2019 Fiscal Year Research-status Report
戦後占領期のカストリ雑誌と同時代の出版文化に関する総合的研究
Project/Area Number |
16K02422
|
Research Institution | Rikkyo University |
Principal Investigator |
石川 巧 立教大学, 文学部, 教授 (60253176)
|
Project Period (FY) |
2016-04-01 – 2021-03-31
|
Keywords | 占領期 / 出版 / 文学 / カストリ雑誌 / 雑誌 / 人文知 / 戦争 / 運動 |
Outline of Annual Research Achievements |
出版文化研究としては、戦後占領期に函館で発行された『サンライズ』(函館新聞社)を全号揃えることができ、同誌の復刻版出版に向けて準備を進めた。同誌については解題、総目次を付したうえで二〇二〇年七月に三人社から刊行予定である。もうひとつ、出版文化に関しては、日本の敗戦後も中国山西省に留まり続けた残留日本人のコミュニティで発行されていた雑誌『晋風』を発掘し、こちらも復刻版出版に向けての準備を行った。同誌については二〇二〇年八月に解題を付して金沢文圃閣から刊行される予定である。その他、本科学研究費との関連で発表した論文として、「師/弟小説としての「微笑」―栖方の微笑はなぜ「美しい」のか―」(『敍説Ⅲ』一七号、二〇二〇年一月)と「江戸川乱歩「人間椅子」はどのように書かれているか」(『立教大学日本文学』第一二三、二〇二〇年一月)がある。前者は横光利一の晩年の短篇小説、後者は江戸川乱歩の代表作を分析したものだが、いずれも本テーマに関する研究活動のなかで着想を得たものである。
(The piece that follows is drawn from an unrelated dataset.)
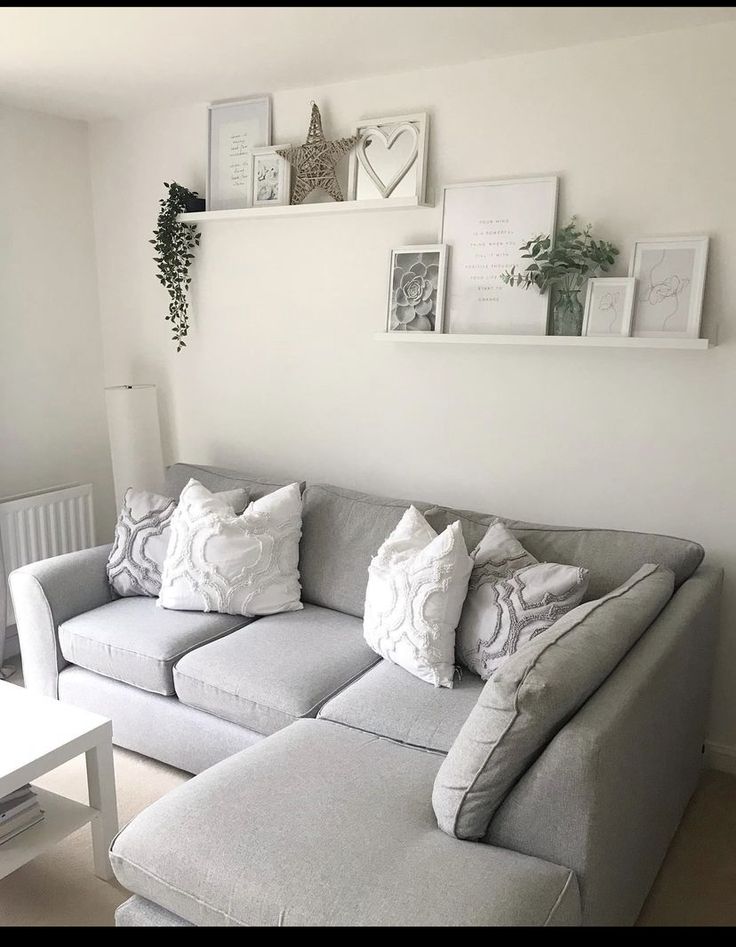 a living room filled with lots of furniture and pictures on the wall above it's couch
口頭での研究発表としては「〈闘争〉と〈運動〉の狭間で―「山谷 やられたらやりかえせ」を読む」(共同研究プロジェクト「東アジア冷戦下の日本における社会運動と文化生産」(二〇一九年七月二七日、国際日本文化研究センター)、学会基調講演「戦時下における〈人文知〉―夢野久作が描いた〈東亜〉とその未来―」(台湾日本語文学会、二〇一九年一二月一四日、台湾東呉大学)を行った。
|
Current Status of Research Progress |
Current Status of Research Progress
2: Research has progressed on the whole more than it was originally planned.
Reason
本研究は二〇二〇年度が最終年度になるが、現在、その集大成として『カストリ雑誌総攬』(勉誠出版)と『戦後占領期地方総合文芸雑誌事典』(金沢文圃閣)の執筆、編集作業を継続しており、二〇二〇年秋にはそれぞれ入稿となる予定である。二つの著作は、いずれも戦後占領期の出版文化に関しての実証的かつ網羅的な研究であり、特に同時期の雑誌出版に関して、新たな資料が数多く発見されている。また、本研究では固有名詞での索引を作成するため、そこから新たな研究を展開させることが可能であると考えている。戦後占領期は図書館の納本制度も定着しておらず、プランゲ文庫に依存した研究が主流だったが、カストリ雑誌や地方雑誌に着目して歴史のなかに埋もれてしまった雑誌に焦点をあてることで、雑誌の内容に関する研究はもちろんのこと、そうした貴重な雑誌資料を収集・保存・公開するための方法についても研究が進むことになるだろう。また、研究の最終年度であるということは、次の研究に対する準備段階にあることをも意味している。
|
Strategy for Future Research Activity |
本研究における五年間の成果は上記の著作でひと区切りとなるが、次のステップでは、たとえば国際日本文化研究センターの共同研究プロジェクト「東アジア冷戦下の日本における社会運動と文化生産」のようなかたちで、出版文化と戦後の文化運動の接続をテーマにしたいと考えている。戦後占領期の問題はそれだけで終わるのではなく、日本の戦後文化や文化運動そのものに大きな影を投げかけている。本研究では、関心を寄せる他の研究者とともにその問題に取り組みたい。また、二〇一九年度は台湾日本語文学会の基調講演を行うなど、海外の日本文学研究者とも交流を深めている。また、二〇一九年四月に北京外国語大学で集中講義を行った際、同校の秦剛教授と親しく交流させていただき、中国国家図書館の日本語資料に関する調査も行っている。こうした交流をさらに蓄積し、戦時中の中国、韓国、台湾における日本語雑誌の出版に関しても調査を進めていきたいと考えている。中国に渡航して一定期間に亙る資料調査を実施できるかどうか、現段階では不透明な部分が多々あるが、研究計画としては、二〇二〇年の秋以降に一ヶ月程度の現地図書館調査を行う予定である。
|
Causes of Carryover |
コロナウィルス感染拡大にともなう自粛要請を受け、二〇二〇年三月に予定していた研究会および資料調査のための出張が中止となったため、六〇九二二円が未執行に終わりました。同出張に関してはコロナ問題が収束したのち、二〇二〇年度内に実行する予定です。